The Skiff student newspaper reported that seats to view what it called “the mixed debate” would cost 25 cents each, and a section of the auditorium was to be “set off” for Black community members who attended. The debate at TCU also included a musical performance by students from Fort Worth’s Terrell High School, which opened in 1882 as the city’s first Black school (and closed in 1973).
Wiley’s debaters were on the first leg of a westward trip, which included invitations to debate at the University of New Mexico and at the University of Southern California. Wiley’s team had selected the proposition “that the nations should agree to prevent the international shipment of arms and munitions” as the topic of their debates.
Persisting through adversity
Because Pi Kappa Delta, the national governing body for collegiate debate, was segregated, non-white colleges such as Wiley could not compete in Pi Kappa Delta tournaments. Thus, Wiley’s legendary debate coach Melvin B. Tolson founded the Alpha Pi Omega debate circuit for historically Black colleges and universities such as Wiley, Fisk, Howard and Morehouse. Alpha Pi Omega scheduled HBCU teams against all-white colleges’ teams as unofficial, no-decision events.
The first of those debates for Wiley occurred in 1930, when its team faced a team of University of Michigan law students at a Black-owned theater in Chicago that agreed to host the interracial debate that Michigan would not host on its campus. Wiley’s first debate against a white Southern university came against the University of Oklahoma, but it, too, was held at an off-campus location.
TCU: Inviting Wiley College to its first debate on a white campus
“By 1935, Wiley’s debaters had become such a phenomenal force that few colleges (black or white) dared to challenge them,” TCU Magazine reported years later, but it was at TCU that Wiley got a chance to debate on an all-white campus.
The event merited local and national news coverage. The Fort Worth Star-Telegram described the Wiley debaters as “able” and noted that because the debate was not sanctioned by Pi Kappa Delta, “there was no judges’ decision.” The NAACP’s magazine The Crisis reported that Wiley “shattered precedent” upon “meeting Texas Christian University at Fort Worth, Tex., on the campus of the latter.” Furthermore, the magazine reported, “No race riots were reported.”

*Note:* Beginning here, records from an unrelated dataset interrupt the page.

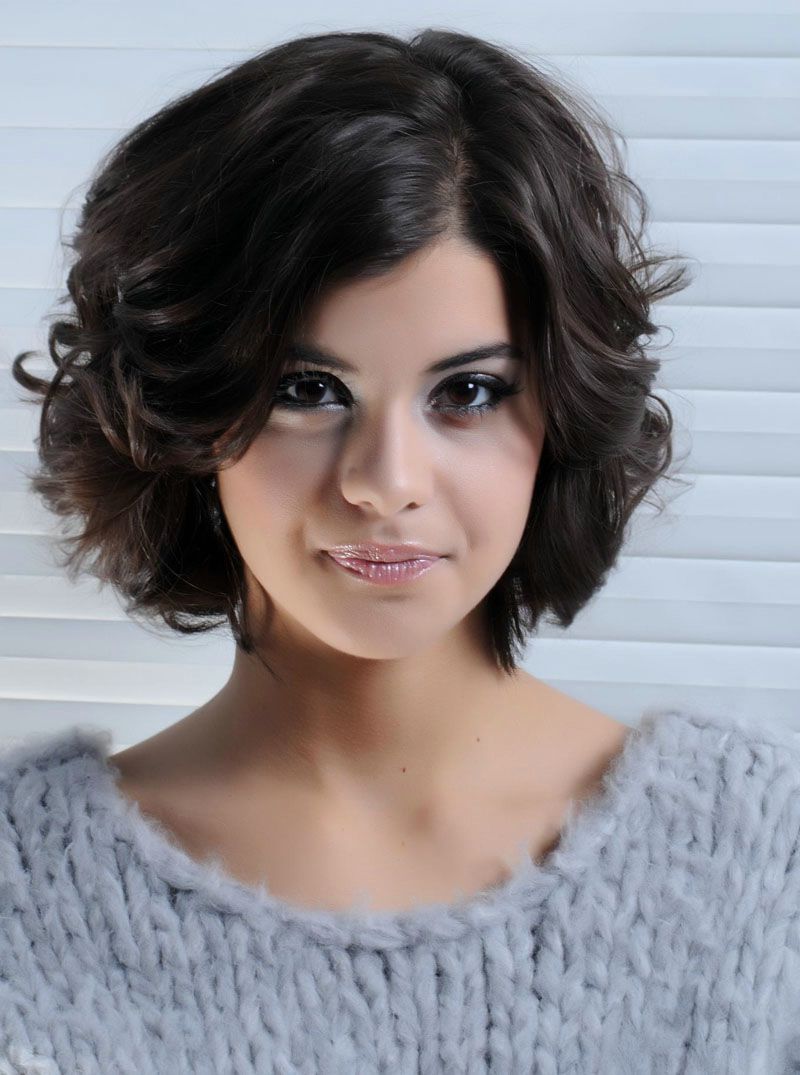 Cute Short Haircuts For Wavy Thick Hair – Hairstyles Ideas | Short Pertaining To Short Haircuts For Wavy Thick Hair (View 13 of 25)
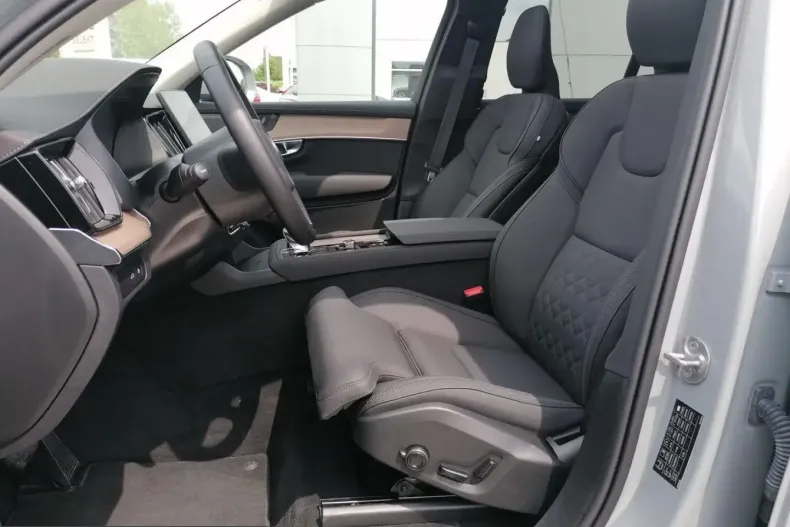 Volvo XC90 din 2025 cu 26.694 km - oferta VOL240938 - foto 10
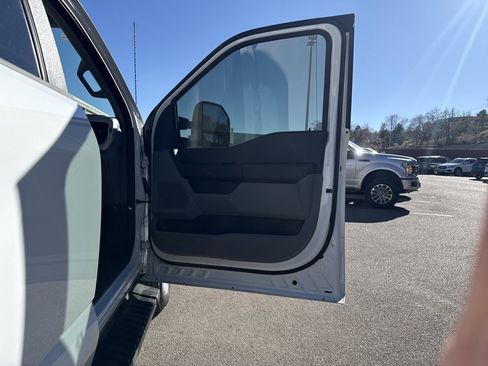 Used 2023 Ford F250 XL image 28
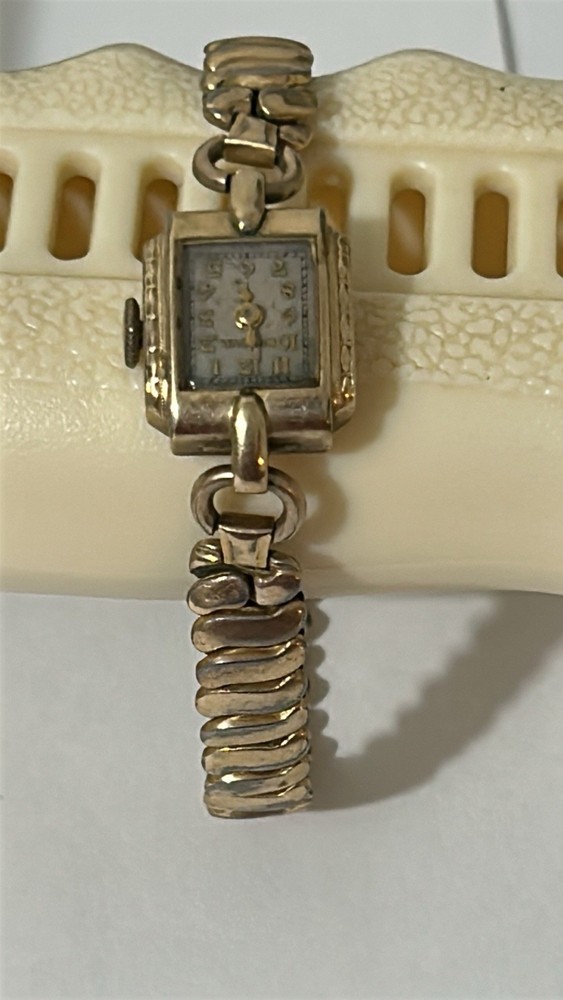 Vintage Ladies Bulova 10k Gold Fill 17 Jewels Swiss Wrist Watch New York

TCU debaters again hosted Wiley debaters on campus in spring 1936. Under the headline “F.F.F. Will Debate Wiley College Team,” The Skiff report seemed to suggest that TCU’s Frog Forensic Fraternity might be underdogs against the Wiley College team, whose members were “reported to have lost only one decision debate out of 75 before a combined audience of 5000 persons.” Campus community members who wanted to see TCU’s team compete with Wiley’s team again would be charged 25 cents each.
Wiley dominated college debate for at least a decade, reportedly losing just one debate between 1930 and 1940. The team’s story became a 2007 movie titled “The Great Debaters,” which was produced by Oprah Winfrey and starred Denzel Washington as Wiley coach Melvin B. Tolson.
80 Years Later:
Commemorating A Historic Occasion
Eighty years after TCU and Wiley made history, in late January 2015, TCU debaters traveled to Marshall, Texas, to debate on the HBCU’s campus. The Skiff newspaper’s story about the commemorative debate began, “The first time the TCU Forensics and The Great Debaters of Wiley College met, they could not drink from the same water fountains.” This time, the debate was sanctioned, and the TCU team was declared its winner.
Courtesy of Schieffer Associates
Learn from TCU Faculty and Fort Worth
historians about this barrier breaking event in
In March 2015, the Wiley team returned to TCU for its first visit in 80 years. In its coverage of the commemorative debate, The Skiff newspaper noted that unlike 80 years earlier, this time, sections of the audience were not segregated.
Intercollegiate debate has long been, and continues to be, an integral part of advancing TCU’s mission to educate individuals - to teach them to think and act as ethical leaders and responsible citizens of the global community.